McHUGH, Justice:
In this appeal we are presented the narrow question of whether the trial court erred in concluding that it did not have jurisdiction under the youthful offender statute to suspend the sentence of a person, qualified by age, convicted of or having pleaded guilty to aggravated robbery and to commit that person to a youthful offender center for a period not exceeding two years. We hold that the trial court did so err and remand for the trial court to exercise its sound discretion in this matter.
I
The defendant, Marc Turley, was indicted by the Kanawha County grand jury in January, 1984, on two counts of aggravated robbery.
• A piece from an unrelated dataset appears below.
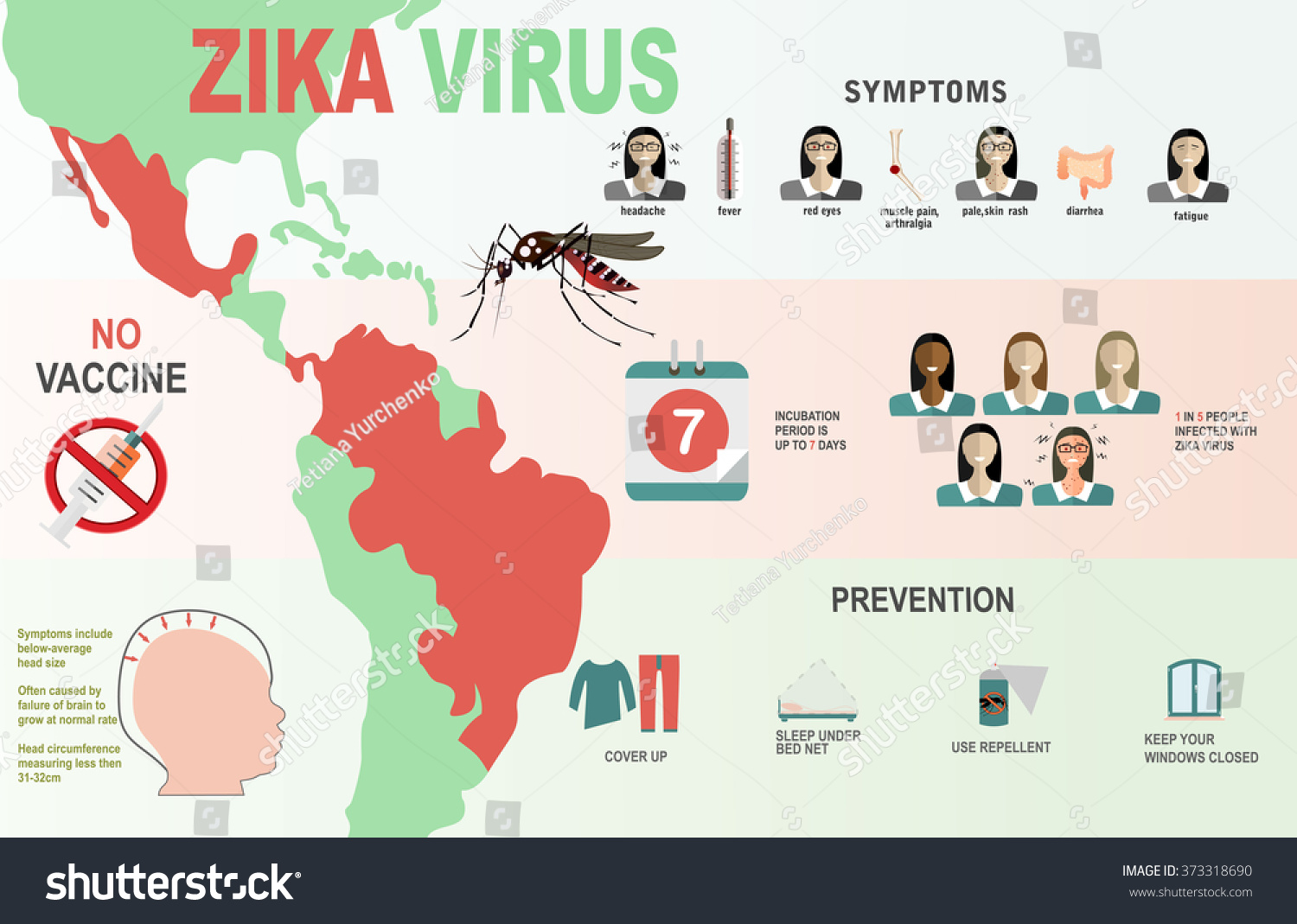 Zika Virus Infographic Elements Prevention Transmission Vaccine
The indictment alleged that the appellant committed the acts while “armed with a dangerous and deadly weapon, to-wit, a pistol.” The defendant was 18 years old at the time of the alleged offenses in July, 1983.
In August, 1984, pursuant to a plea agreement with the Kanawha County Prosecuting Attorney, the defendant entered a plea of guilty to count I of the indictment. Pursuant to the plea agreement, the prosecutor moved to dismiss count II of the indictment and made no recommendation to the trial court (the Circuit Court of Kana-wha County) as to a particular sentence. The trial court in August, 1984, accepted the defendant’s plea of guilty to count I of the indictment and dismissed count II of the indictment. The trial court expressly found on the record that the defendant had used a pistol in the commission of the crime to which he had pleaded guilty.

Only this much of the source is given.